Celosia cristata ‘Kurume Corona’

No one wants to dine at my house right now, because you can hardly find the table. If distant memory serves, it’s made of wood. But that won’t be verified until I get the Johnny’s Selected Seed (www.johnnyseed.com) order out the door. So, in the interest of having company again, I’m wading through my seed orders. Hence this blog in the dead of winter.

Who wouldn’t want to think celosia right now? We’ll tackle perennials, shrubs, trees, etc all in good time. But why not warm up to a hot annual? And really, one of the plants that gave rise to plantswise.com was Celosia ‘Kurume Corona’. You need to know about this plant. Your boyfriend needs to know about this plant. So does your sister.

You don’t think you’re the cockscomb type, do you? Neither did I. Celosias seemed to edge dangerously in the doily direction. But any plant that looks like a brain and is painted school bus yellow emblazoned with vibrant magenta steaks is going to catch your eye in mid-January when you’re flipping through seed catalogs, am I right? The seed companies know when your defenses are down. They’re in cahoots with the postal service to stuff your mailbox with temptation.

So I added ‘Kurume Corona’ to my Territorial Seed (www.territorialseed.com) order, thinking that I’d fill in around the asparagus that surround the circular vegetable garden (anyone even remotely pondering installing a circular garden needs to speak with me — I’ll talk you down). I figured that, when visitors came unannounced (suggestion: don’t do it), the ‘Kurume Corona’ would serve as something to steer the conversation away from why my work shirtwaist is held together with safety pins where buttons once did the job and why the hem is dragging. When you look like a train wreck, outrageous plants are the best diversion tactic, I’ve found.

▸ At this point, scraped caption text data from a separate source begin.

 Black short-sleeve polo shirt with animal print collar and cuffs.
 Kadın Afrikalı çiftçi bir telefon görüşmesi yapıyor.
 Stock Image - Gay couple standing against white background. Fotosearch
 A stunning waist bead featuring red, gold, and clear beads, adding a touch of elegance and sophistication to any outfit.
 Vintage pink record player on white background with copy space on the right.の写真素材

I started the seeds indoors in April, that’s my habit (I know, it’s late — but I hate leggy, sun-deprived, fresh air-challenged seedlings). Then I shuffled the seedlings in and out before danger of frost was over (I know, I know — isn’t that why God created coldframes?). While in “mother hen” mode, they go out in fair weather, they are hustled in (all 20 flats) at dusk. Actually, has anyone else been tempted to grow their seedlings in the back of the station wagon? Just wondering…

Confession time. Sometimes I didn’t hustle them in quickly enough (that’s why the station wagon came to mind). They took a few near hits with frost in their stride. Finally, I planted them out. And then forgot about them. I had other axes to grind.

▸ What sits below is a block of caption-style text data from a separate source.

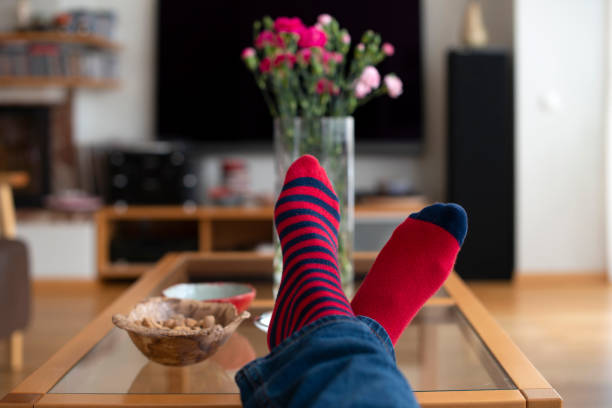 istock Feet in red socks resting on the table. 1308285426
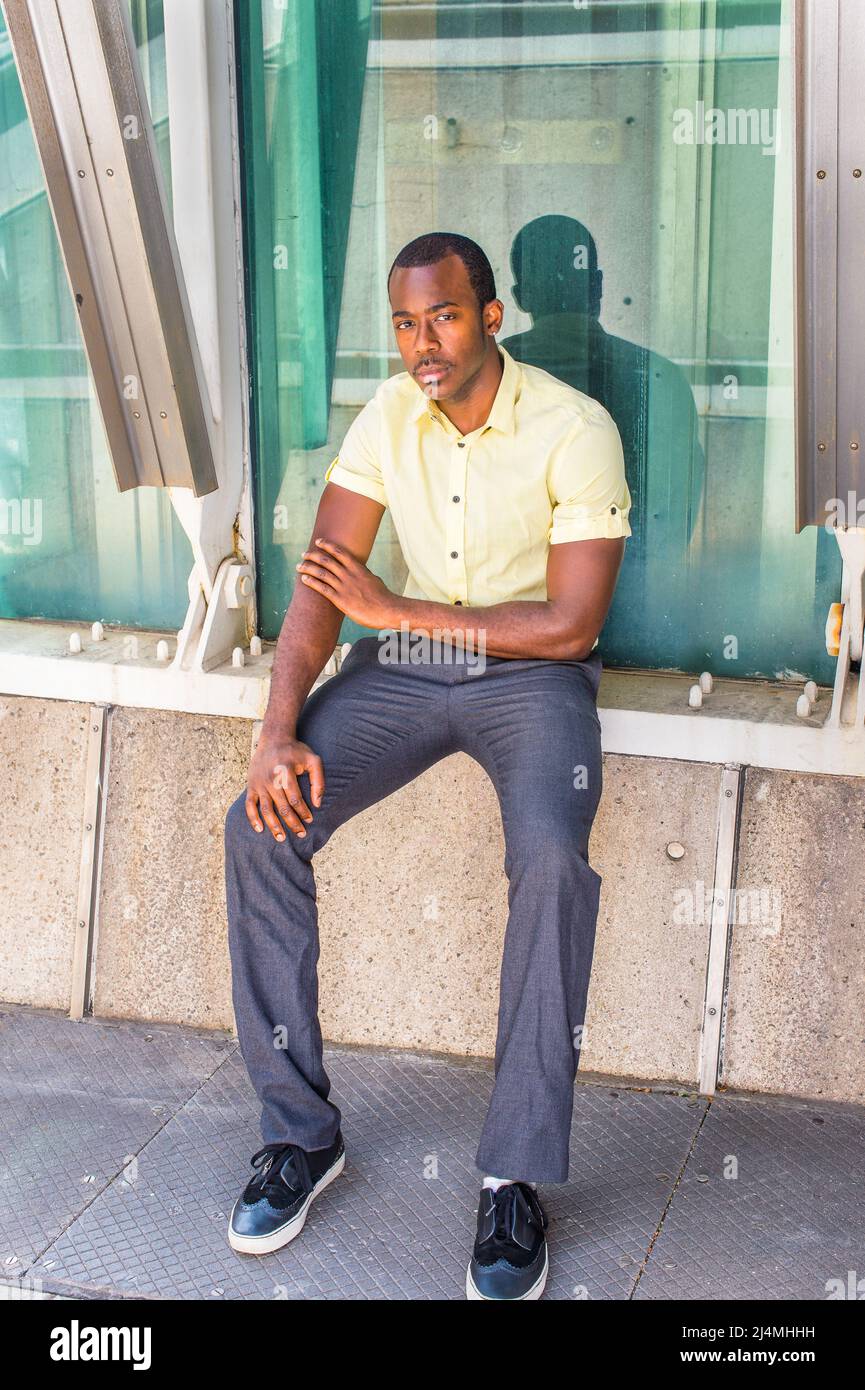 Dressing in a light yellow shirt, gray 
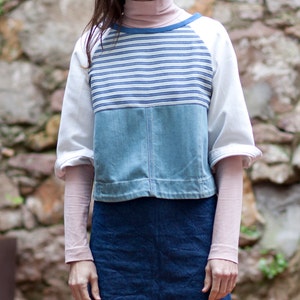 Op de afbeelding: Een wit, blauw en denim patchwork top met lange mouwen en een ronde hals. De top heeft een gestreept patroon op het bovenste deel en een denim paneel op het onderste deel. De mouwen zijn lang en hebben een witte manchet. De top wordt gedragen over een denim rok.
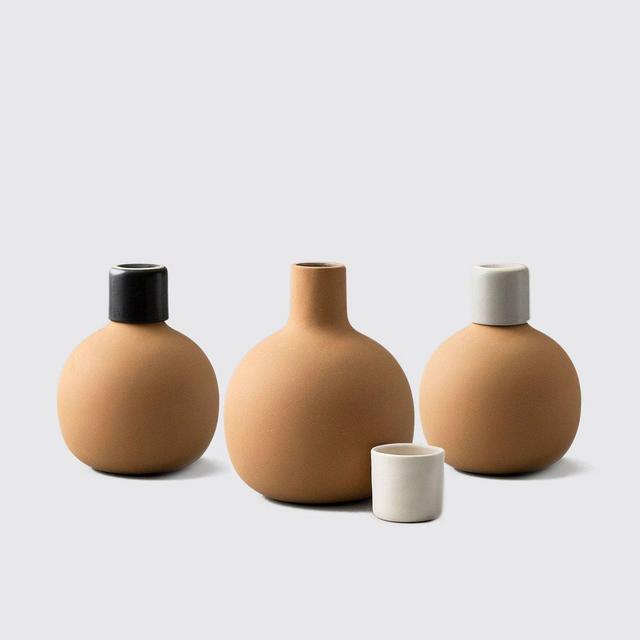 CONTAINER AND TUMBLER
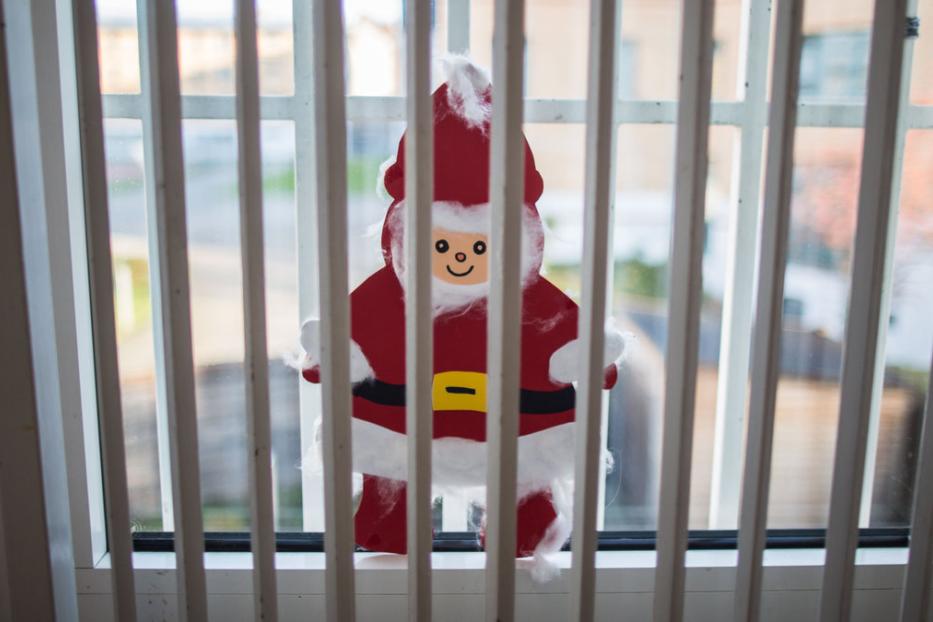 Ein Weihnachtsmann aus Papier hinter Gefängnis-Gittern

Not much action from the celosia patch for the better part of the summer. But the asparagus was delicious and diverted my attention (that falls in the “other axes to grind” department). But ‘Kurume Corona’ showed incredible drought tolerance. I mean, last summer was the acid test. Everything else in the garden was gasping for water and going into the swoon state except the celosia. Standing straight and tall at about 30 inches, it’s a trooper. For the better part of the summer, it was a boring trooper, but a trooper nonetheless. No flowers until the end of summer. I had murder in my eyes, I admit, until finally these tiny little topknots began to form. Not the sort of flower that rushes to save face. Had it been any other flower, it would have been curtains. But celosias start their blossoms as buttons, basically. By late summer, they were ravishing. Everyone who visited was drool, drool, drool. I was the most popular dinner date in town. Mixed with the fennel that was bolting (don’t ask) and ornamental grass tassels, it was the life of the party. Whipped the bouquet out with a big “ta da!” when the appetizers were being served. Dynamite!

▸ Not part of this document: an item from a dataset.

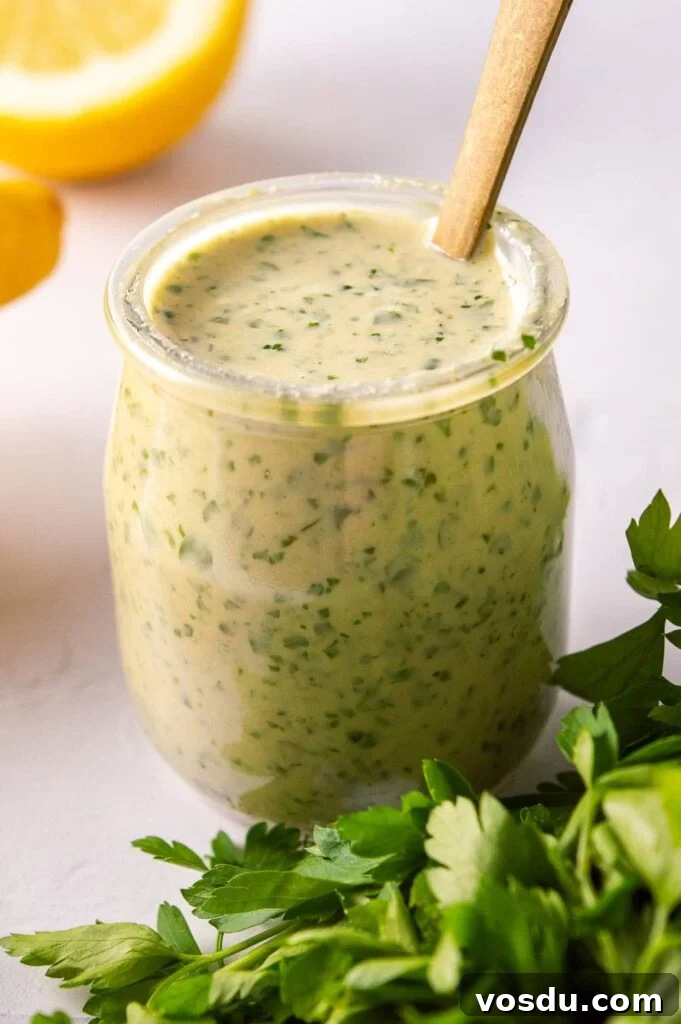A glass jar with a pale herby sauce,lemons behind it and cilantro leaves in front of it.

Apparently ‘Kurume Corona’ is part of a Kurume series. The rest of the family doesn’t give off the same vibes except perhaps ‘New Scarlet’ with burgundy leaves to fill in the midsummer blah blip. As for its performance as a dried flower, I don’t know (comment please!). I ended up cutting all my ‘Kurume Corona’ to bundle up in summer bouquets. And I see that, in addition to Territorial Seeds, Burpee (www.burpee.com) now also lists it. Two thumbs up.

How about it, anyone else equally enthusiastic? Or have you fallen for another celosia? Tell me.